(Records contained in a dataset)
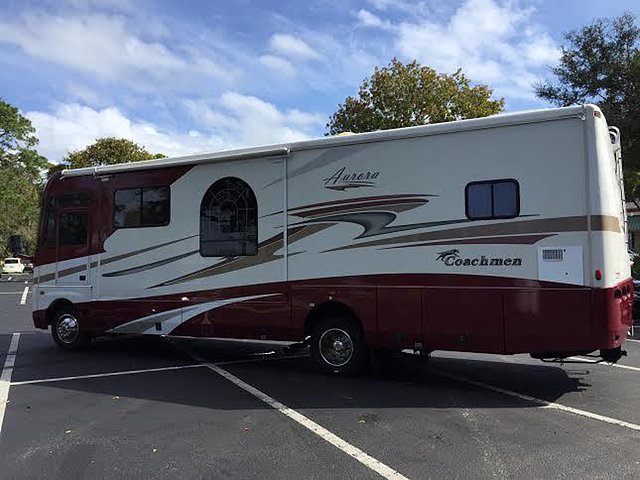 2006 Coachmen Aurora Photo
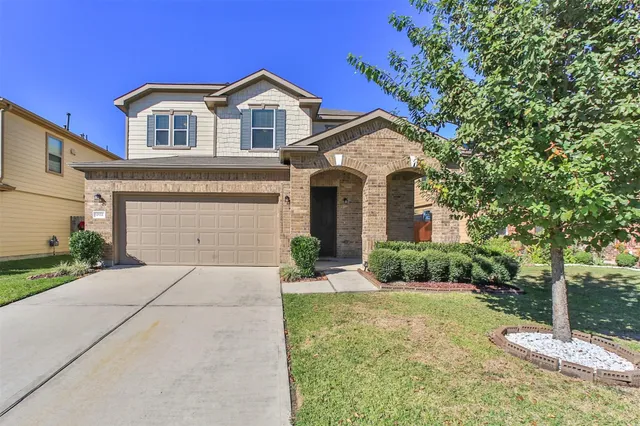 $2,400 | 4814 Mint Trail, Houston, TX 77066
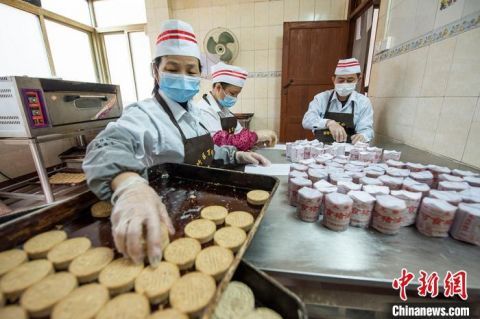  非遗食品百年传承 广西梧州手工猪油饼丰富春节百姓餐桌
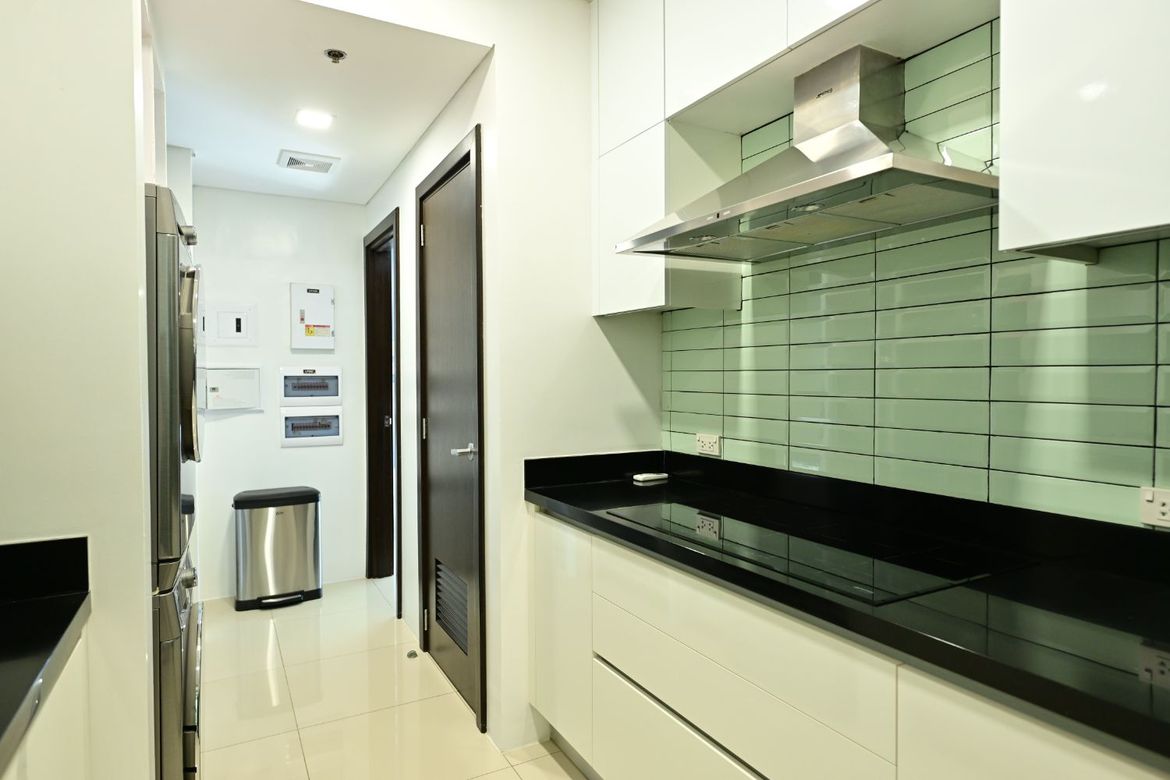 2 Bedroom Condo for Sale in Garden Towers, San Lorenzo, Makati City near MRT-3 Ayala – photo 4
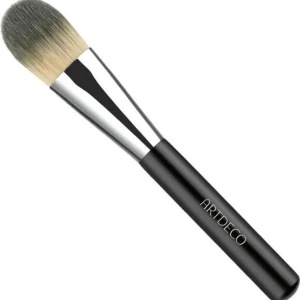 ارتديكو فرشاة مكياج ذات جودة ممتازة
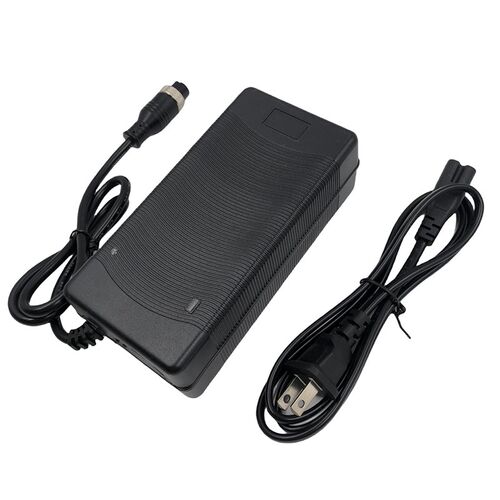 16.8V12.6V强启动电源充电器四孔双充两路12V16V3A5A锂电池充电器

## WORK INSTRUCTIONS
Write out exactly the lines that run from the one containing "Houston, TX 77066" to the last line of the entries above, both ends kept, pictures left out.

## ANSWER TO THIS EXERCISE
 $2,400 | 4814 Mint Trail, Houston, TX 77066
  非遗食品百年传承 广西梧州手工猪油饼丰富春节百姓餐桌
 2 Bedroom Condo for Sale in Garden Towers, San Lorenzo, Makati City near MRT-3 Ayala – photo 4
 ارتديكو فرشاة مكياج ذات جودة ممتازة
 16.8V12.6V强启动电源充电器四孔双充两路12V16V3A5A锂电池充电器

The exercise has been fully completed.